Weaver brothers together again

Updated: February 16, 2006, 6:21 PM ET
Associated Press

TEMPE, Ariz. -- There was a time when Jeff Weaver didn't want to spend time with his little brother, Jered.

As so often happens when people get older, that's no longer the case.

Now that Jeff has agreed to terms with the Los Angeles Angels, the two are together again. And it was Jered providing encouraging words to big brother.

"It's one of the only times that we're ever going to get to play together," the 23-year-old Jered said Thursday -- a day after Jeff joined him as a member of the Angels.

"We've never even been on the same field or played together at any time in our lives," Jered added. "It's exciting for me to have my first spring training with my brother at my side."

Jeff, 29, figures to fill the third spot in the Angels' rotation -- behind AL Cy Young award winner Bartolo Colon and John Lackey. Jeff agreed to a one-year contract worth $8.325 million and can earn an additional $600,000 in performance bonuses.

The elder Weaver went 14-11 with a 4.22 ERA in 34 starts for the Los Angeles Dodgers last season, earning $9.35 million in the final season of a four-year contract.

The addition of the Jeff Weaver will likely create a dogfight this spring between Ervin Santana, Hector Carrasco and Kelvim Escobar for the remaining two spots in the Angels' starting rotation, unless someone else, like Jered, manages to win a spot.

Jered is considered one of baseball's best young pitching prospects, and hopes to become a member of the Angels' rotation in the near future.
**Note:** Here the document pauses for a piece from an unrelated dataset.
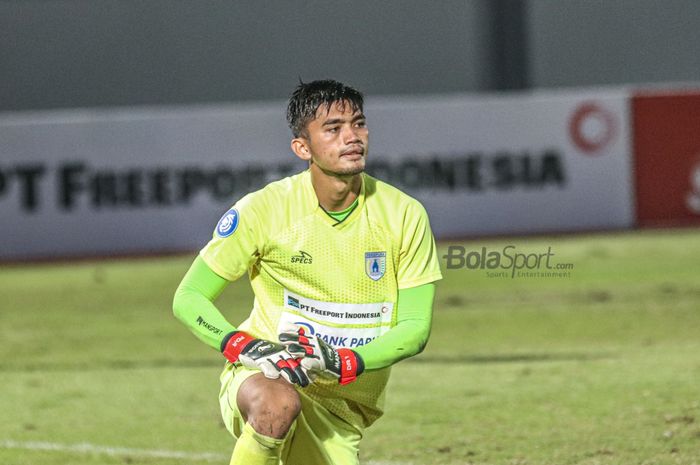 Kiper Persipura Jayapura, Fitrul Dwi Rustapa, sedang bertanding dalam laga pekan ketiga Liga 1 2021 di Stadion Indomilk Arena, Tangerang, Banten, 19 September 2021.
The addition of his brother will make it tougher for Jered to make the big-league roster, but that's OK with him.

"I'm just going to do what I do and, hopefully, they like what they see and stick me where I belong," he said.

Jered was the 12th overall pick in the 2004 amateur draft, falling to that spot because of the fear that agent Scott Boras wanted too much money for his client.

In fact, the Angels signed Weaver almost a year after he was drafted -- shortly before a deadline to reach an agreement or he would have re-entered the draft.

Boras negotiated Jeff's contract, and the pitcher downplayed his agent's role in lengthening his time as a free agent this past offseason, maintaining his determination to work out a deal with the Dodgers damaged his chances of signing a longer-term contract with another team.

Jeff said other teams including a contender he wouldn't identify offered multiyear deals, but in the end it was a chance at winning and playing with his brother that made the difference.

"I had a few talks with my brother and made sure I wasn't stepping on his toes," Jeff said. "People think it's an easy decision to just come and play with your brother, but I know he's worked hard to get up to the big leagues and find himself a spot.

"Obviously, it was another selling point for me. It would be unreal, kind of surreal, to be on the same field with him. To compete with him at the highest level would be a dream. It would be awesome."